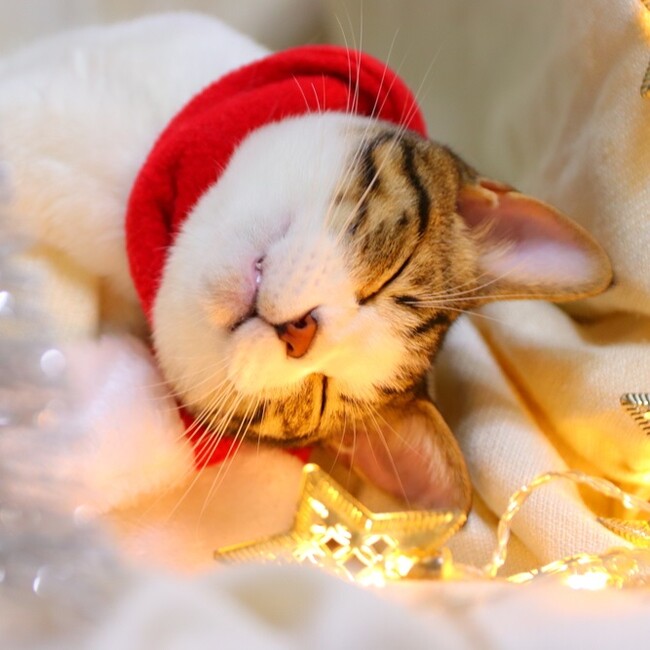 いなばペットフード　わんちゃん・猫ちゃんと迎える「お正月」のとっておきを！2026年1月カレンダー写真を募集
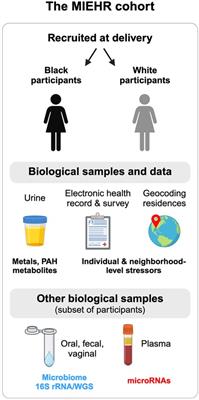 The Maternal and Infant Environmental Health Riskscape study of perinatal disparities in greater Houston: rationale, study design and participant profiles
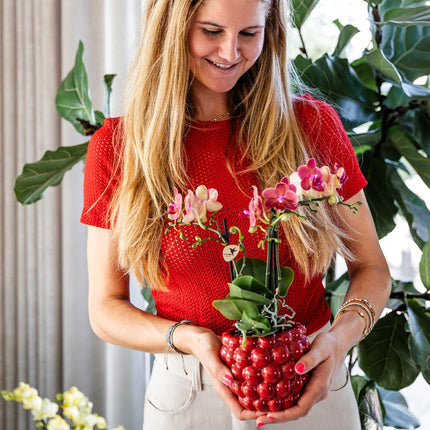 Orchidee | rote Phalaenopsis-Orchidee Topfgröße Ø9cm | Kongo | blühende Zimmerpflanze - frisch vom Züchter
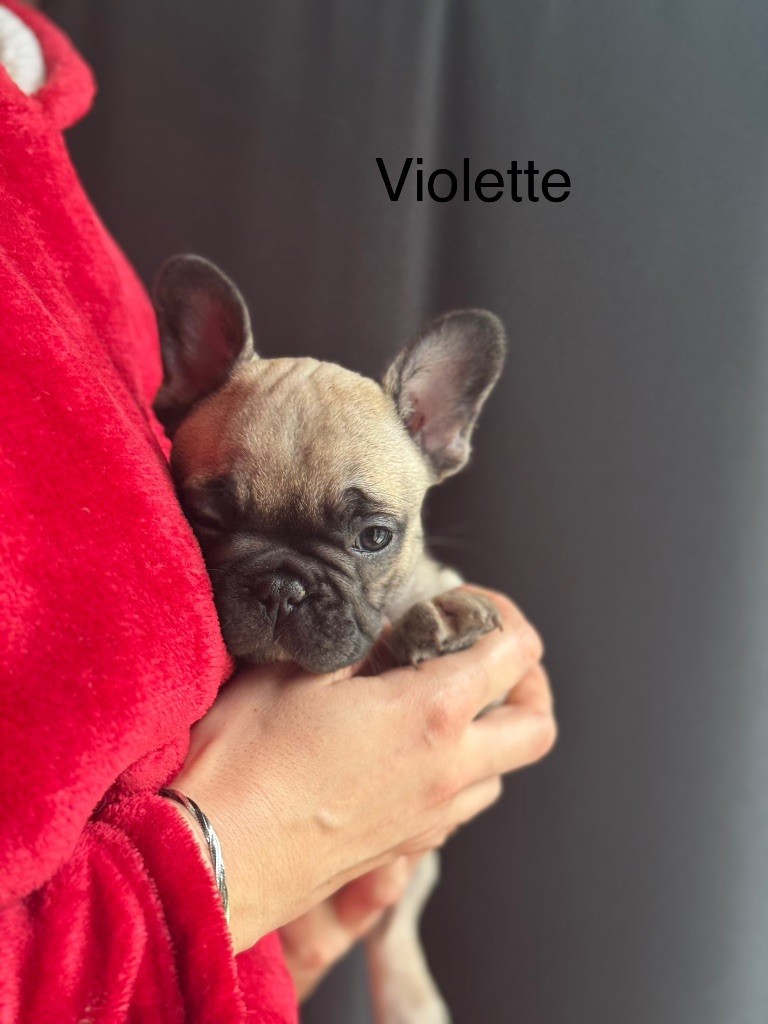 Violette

####################

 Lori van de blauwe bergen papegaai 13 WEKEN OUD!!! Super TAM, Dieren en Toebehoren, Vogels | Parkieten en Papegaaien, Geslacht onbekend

####################

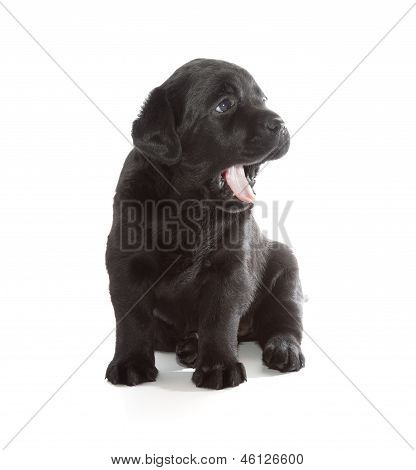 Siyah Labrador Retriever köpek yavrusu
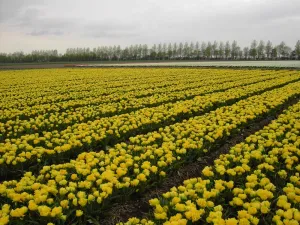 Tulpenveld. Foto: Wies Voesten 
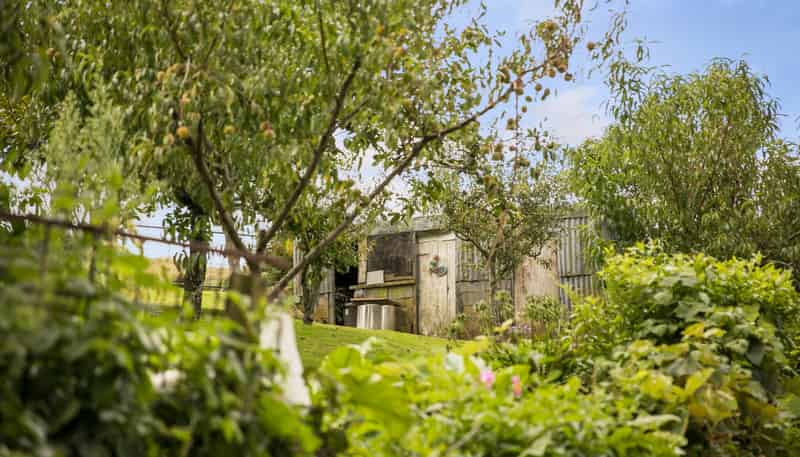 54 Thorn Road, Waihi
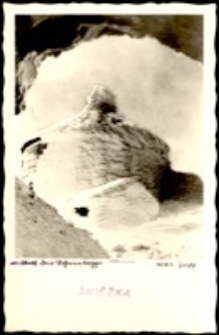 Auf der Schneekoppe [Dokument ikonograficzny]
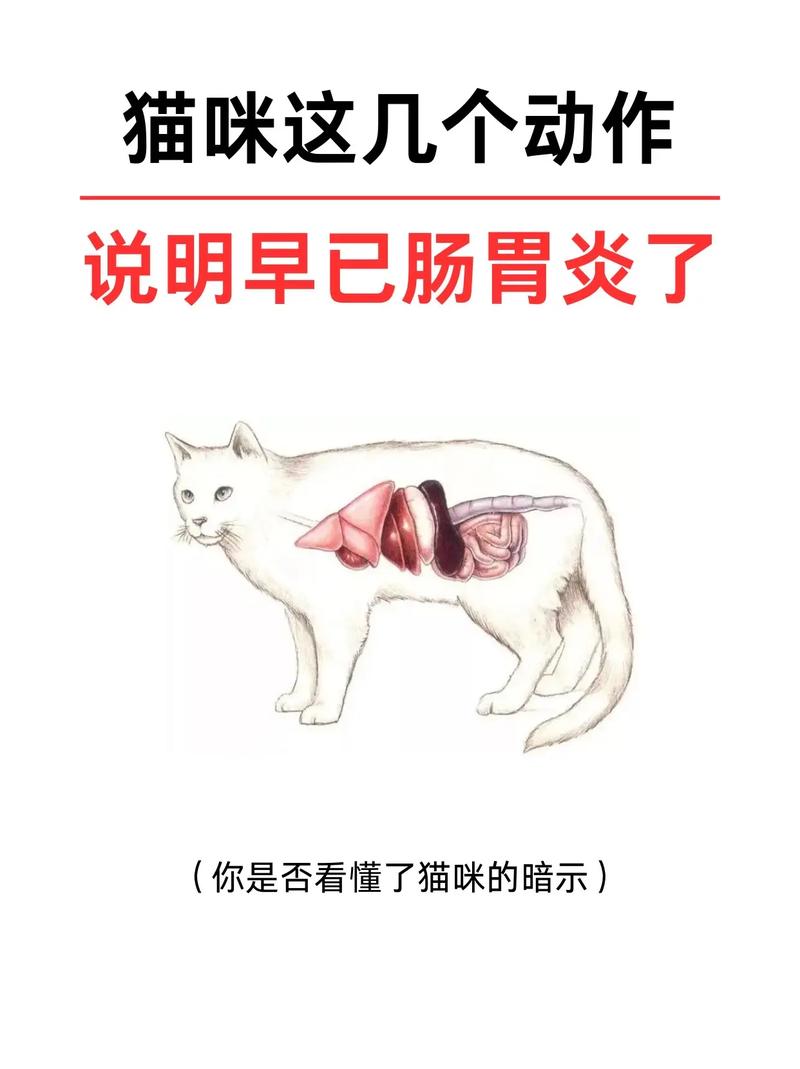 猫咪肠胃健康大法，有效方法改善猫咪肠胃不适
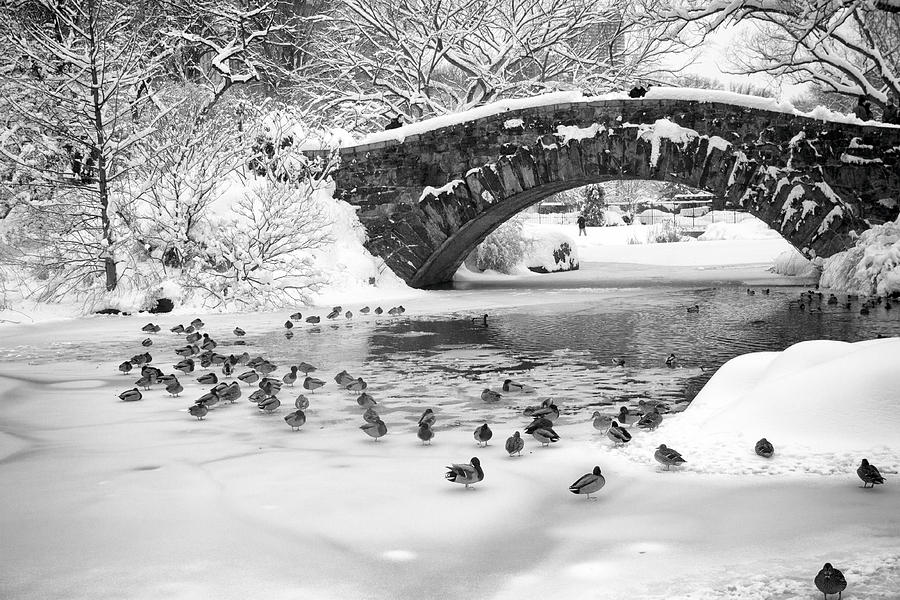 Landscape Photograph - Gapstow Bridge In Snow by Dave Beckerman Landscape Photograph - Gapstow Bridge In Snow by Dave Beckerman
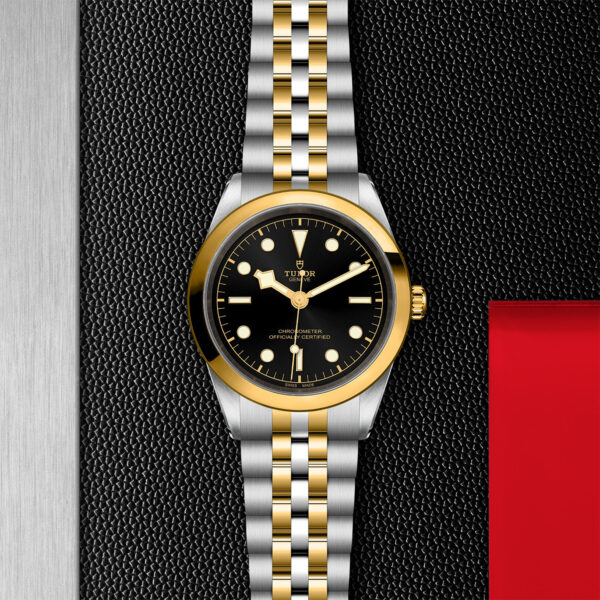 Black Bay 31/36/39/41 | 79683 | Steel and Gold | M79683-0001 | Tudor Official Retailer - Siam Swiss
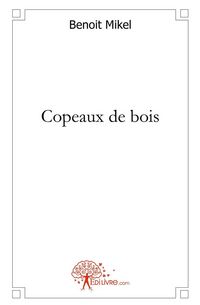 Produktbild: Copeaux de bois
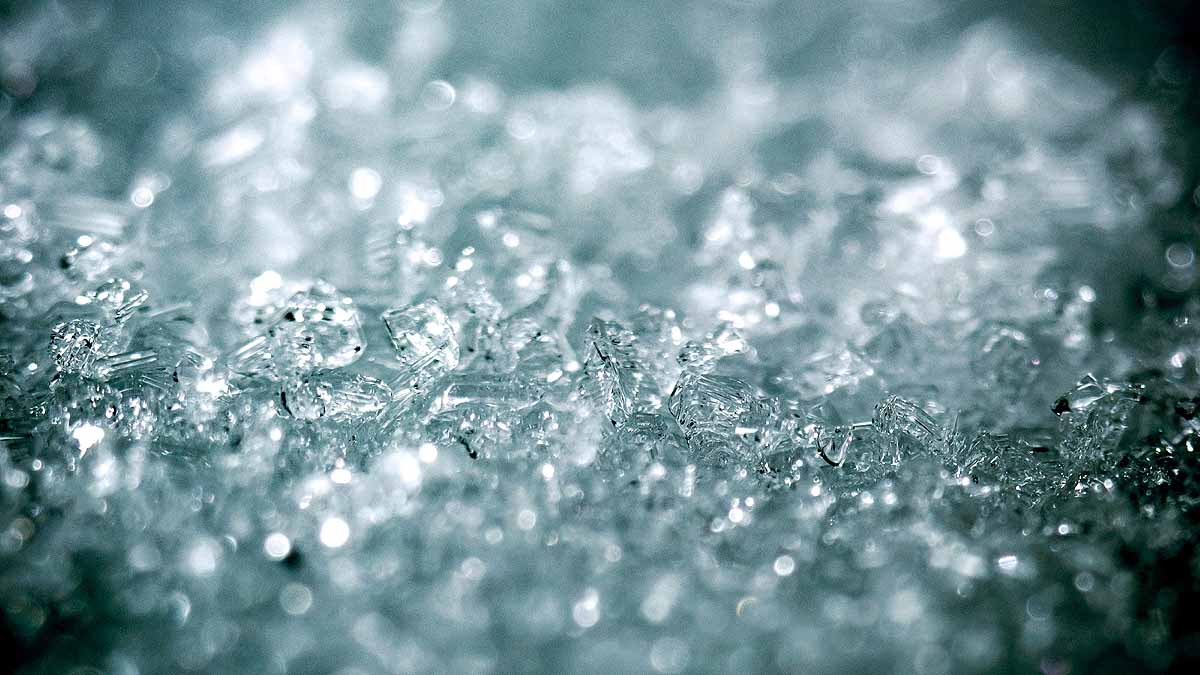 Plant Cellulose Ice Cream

####################

In the listing above, find the line with "Siyah Labrador Retriever köpek yavrusu" and the line with "Plant Cellulose Ice Cream". Set down exactly those lines and everything between them, skipping pictures.

▶ **Task output**
 Siyah Labrador Retriever köpek yavrusu
 Tulpenveld. Foto: Wies Voesten 
 54 Thorn Road, Waihi
 Auf der Schneekoppe [Dokument ikonograficzny]
 猫咪肠胃健康大法，有效方法改善猫咪肠胃不适
 Landscape Photograph - Gapstow Bridge In Snow by Dave Beckerman Landscape Photograph - Gapstow Bridge In Snow by Dave Beckerman
 Black Bay 31/36/39/41 | 79683 | Steel and Gold | M79683-0001 | Tudor Official Retailer - Siam Swiss
 Produktbild: Copeaux de bois
 Plant Cellulose Ice Cream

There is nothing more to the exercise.